記録的豪雨をもたらす線状降水帯。わずか10%と言われる予測的中率を上げるため、新たな取り組みがスタートしました。
「線状降水帯」を調査する専門家グループ
7月10日、関東各地で大気の状態が不安定になり、岐阜を含む9つの都県、55か所で「記録的短時間大雨情報」が出ました。
大雨の原因は梅雨前線に向かって、南から暖かく湿った空気が流れ込んだためです。その湿った空気の元になった場所は?
▼7月10日午後4時半ごろ
太平洋上で飛行機から撮影した空には、縦に伸び発達した積乱雲がありました。撮影したのは名古屋大学などで気象学を研究する坪木和久教授です。


(観測チーム 2021年)
「(台風の)中心!中心!」

坪木教授らのグループはこれまで、台風に向かって飛行機を飛ばし、ドロップゾンデと呼ばれる観測機器を投下。
「3、2、1、…投下」。直接、観測することで正確な予測に役立てる研究を行ってきました。

今回、調べるのは台風ではなく「線状降水帯」です。
(名古屋大学・横浜国立大学 坪木和久教授)
「線状降水帯の水蒸気。これは海洋上から入ってきますので、その海洋上での水蒸気を直接観測することが今回の目的」
去年の的中率“約10%” 予測精度向上へ
線状降水帯の予測は的中率の低さが課題です。7月10日、関東で線状降水帯予測情報が出ましたが、結局線状降水帯は発生せず。去年の的中率は約10%の低さです。
そこで予測精度を上げようと、ことしから気象庁気象研究所と名古屋大学などが共同で観測を行うことになりました。

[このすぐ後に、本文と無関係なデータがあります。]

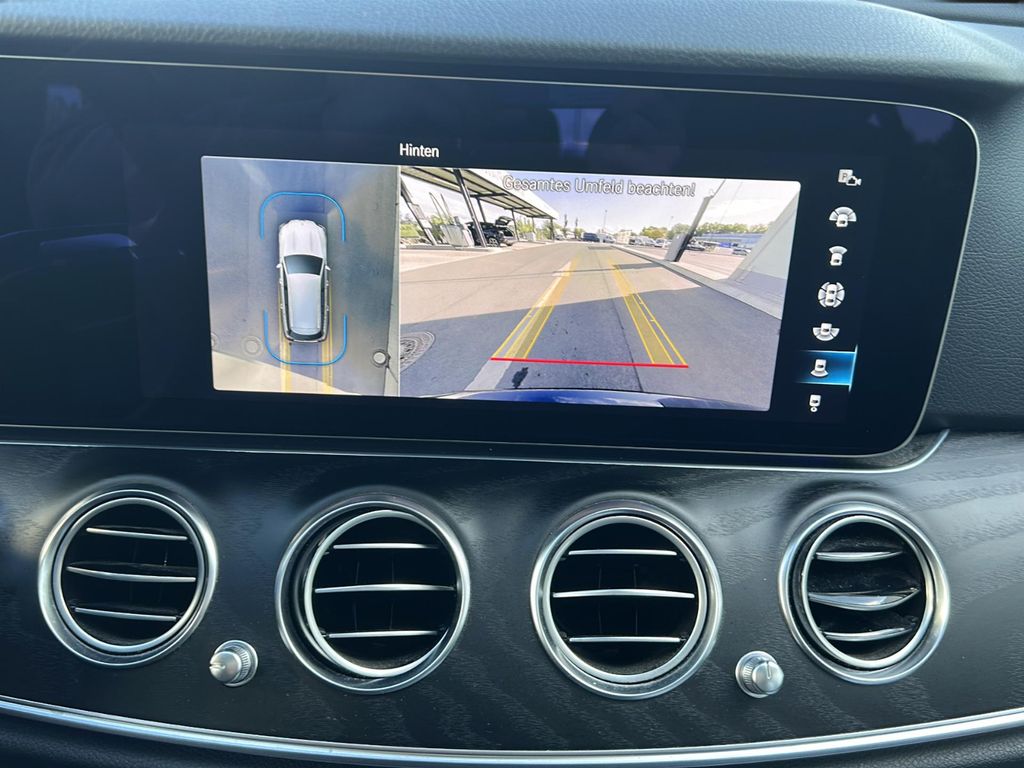 Mercedes-Benz E 300 2022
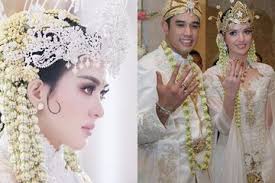Maybe you would like to learn more about one of these? 5 Selebriti Yang Memakai Siger Sunda Ala Syahrini Sampai Puluhan Milyar Rupiah Jugakah Semua Halaman Stylo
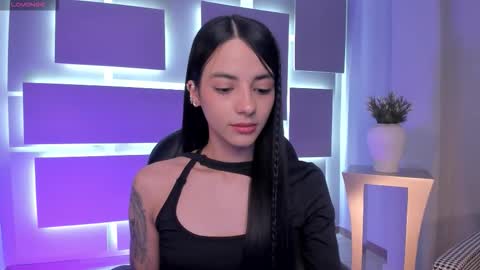 Snapshot of hannahjamesx chatting on September 23, 7:31 pm HANNAH J online show from September 23, 7:31 pm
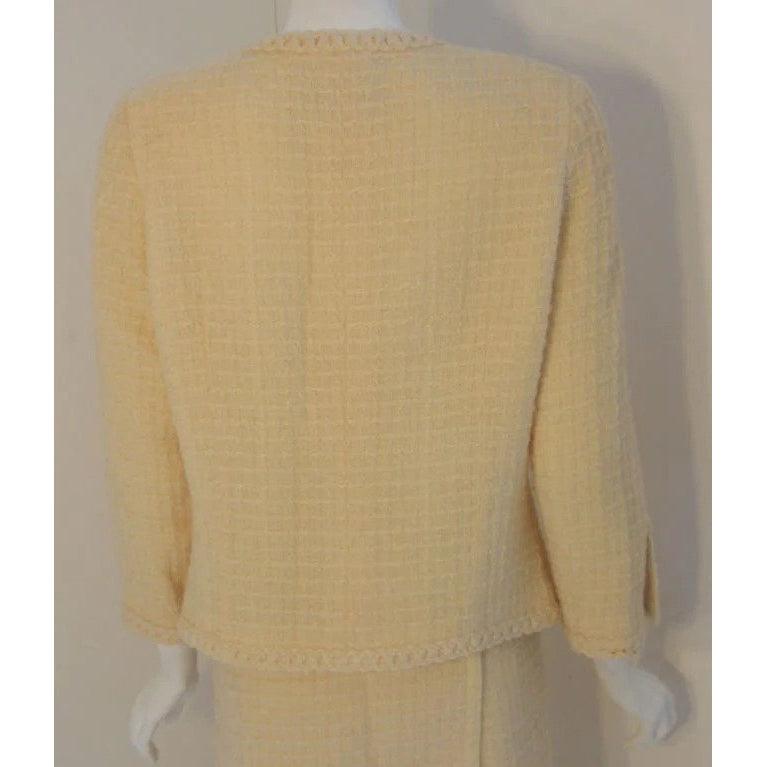 Pre-Owned CHANEL 1980s 2 pc Cream Wool Skirt Set | Size 44 - theREMODA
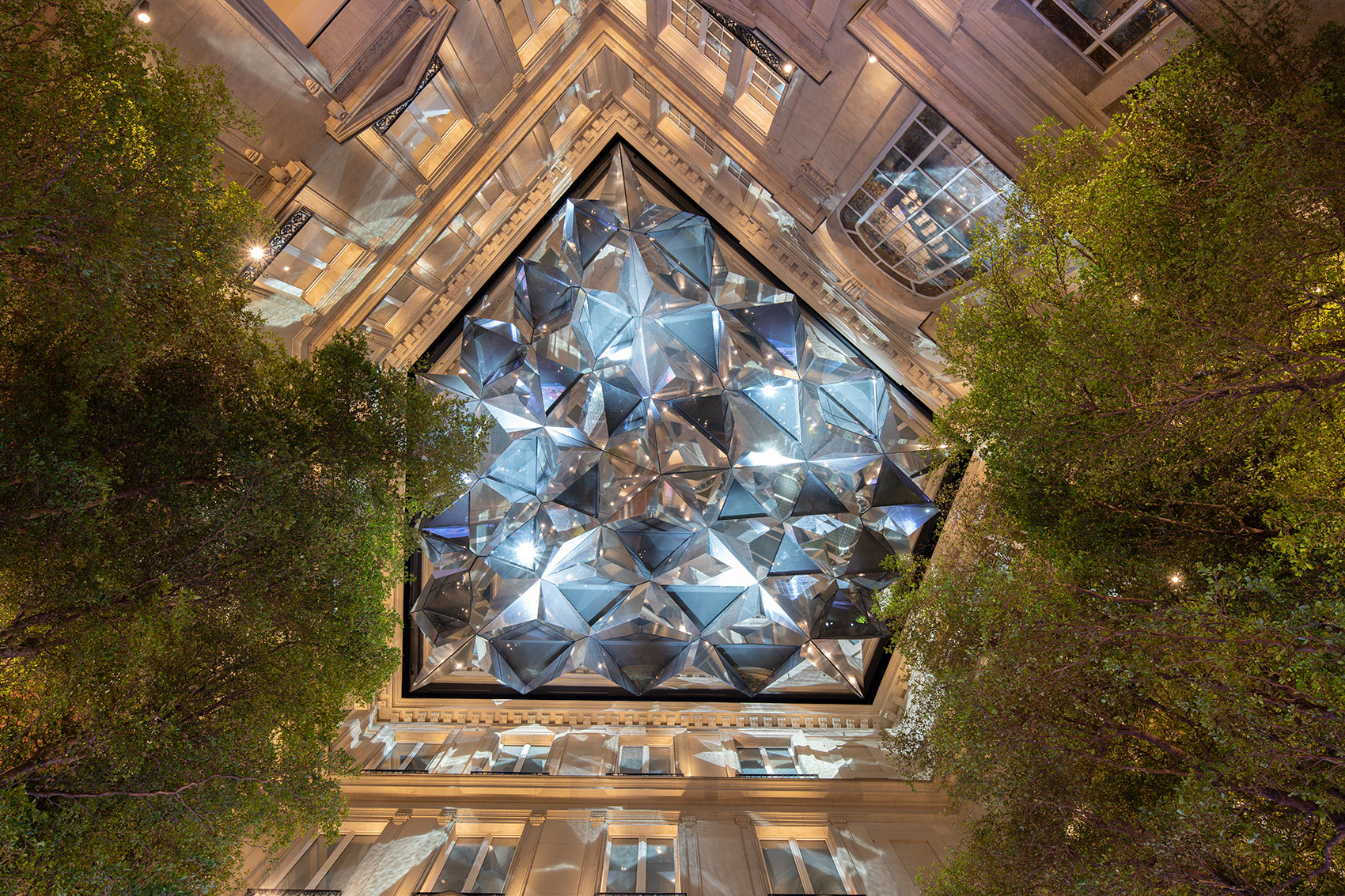 AppleTrack 分享苹果 iPhone SE 4 渲染视频：6.1 英寸屏幕，4800 万主摄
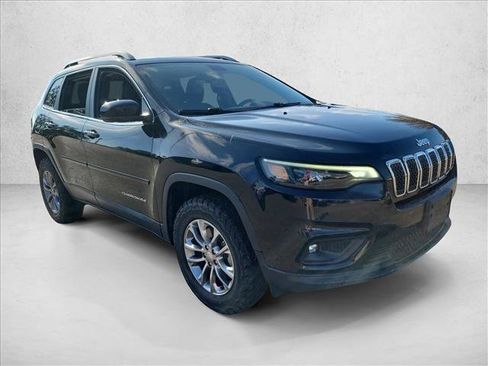 Used 2019 Jeep Cherokee Latitude Plus w/ Comfort/Convenience Group image 3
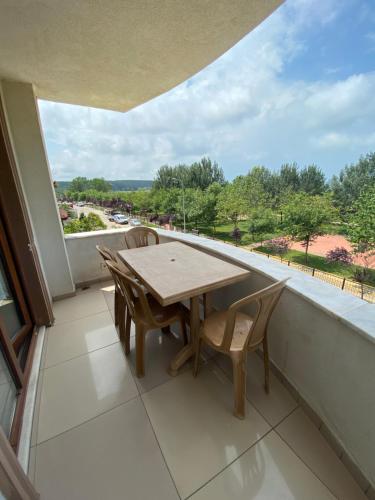 Μπαλκόνι ή βεράντα στο Lapina Suite & Restaurant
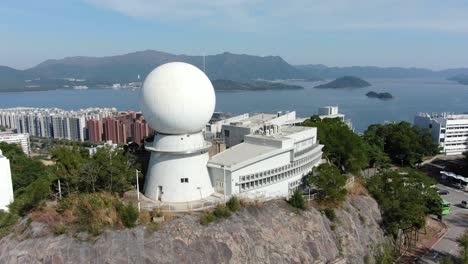 Radarkuppel-Der-Chinesischen-Universität-Von-Hongkong-Mit-Blick-Auf-Die-Bucht-Von-Hongkong,-Luftbild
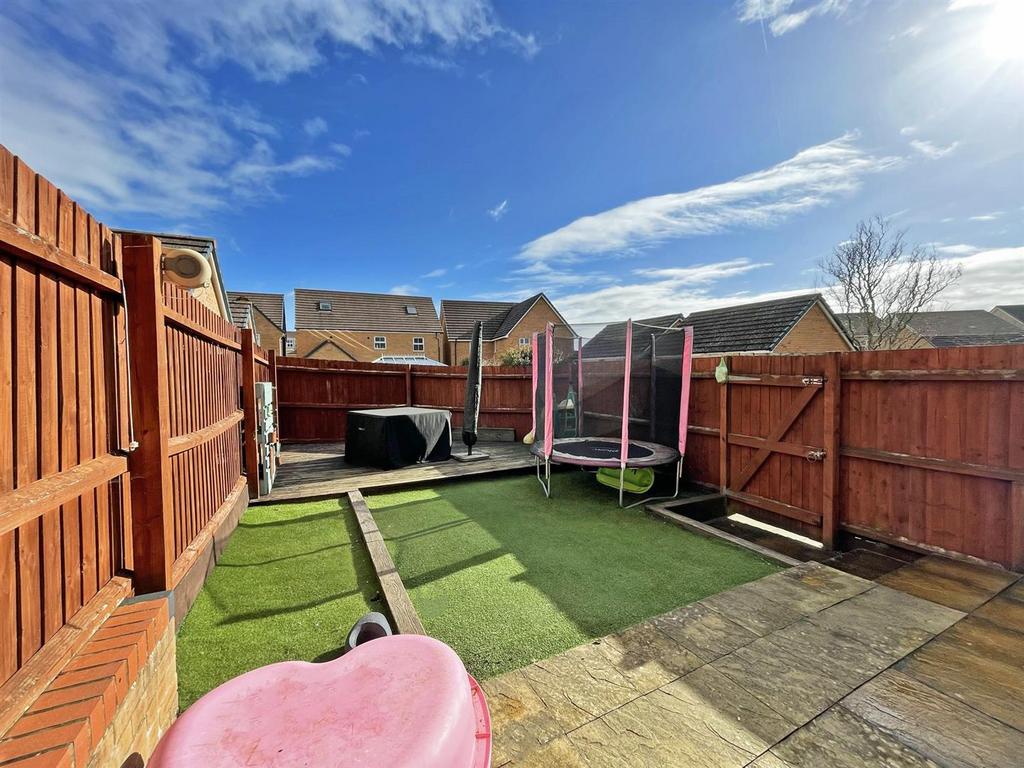 Banks Crescent, Stamford 3 bed townhouse for sale £325,000
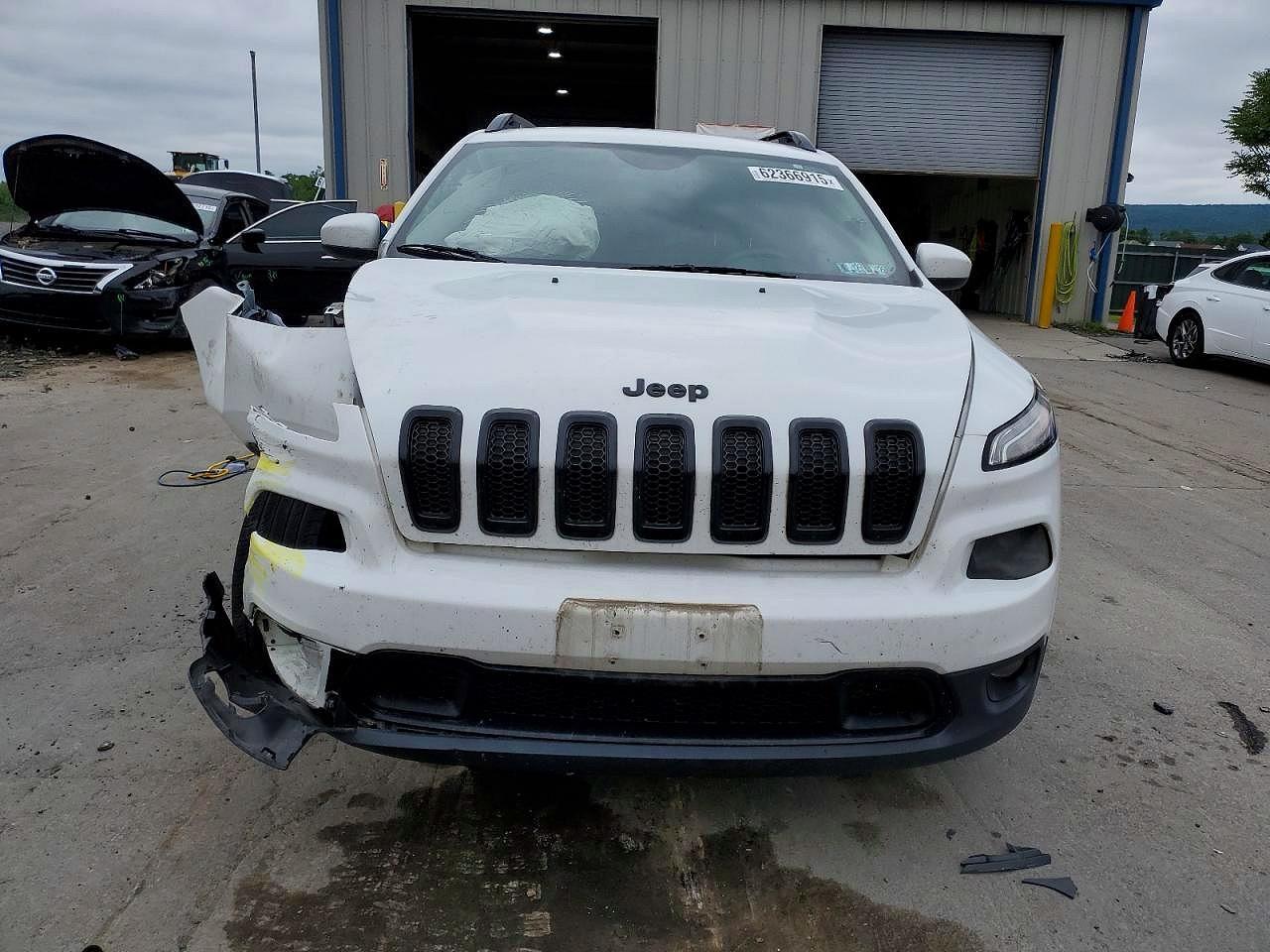 2015 Jeep Cherokee Latitude - Фото 5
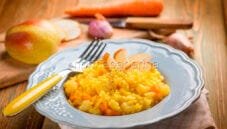 Risotto alle pere e zafferano, piatto raffinato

その一回目がきのう。観測器を積んだ飛行機は、県営名古屋空港を出発。線状降水帯の発生予測が出されていた関東の沖や、東海地方の南の太平洋上を通り、東シナ海へ。

約60キロごとに31個のドロップゾンデを投下。気圧や気温、風だけでなく、水蒸気の量なども直接観測しました。


(坪木教授)
「海面に近い所の水蒸気量を精度よく測定できたというのは、一つの成果だと思う。関東地方の南から南東の風が吹いていて、その下層(海面に近い所)にある大量の水蒸気が流れ込んだ可能性」


坪木教授らは今後も観測データの少ない海の上での観測を行い、線状降水帯の予測精度向上に繋げたいと話しています。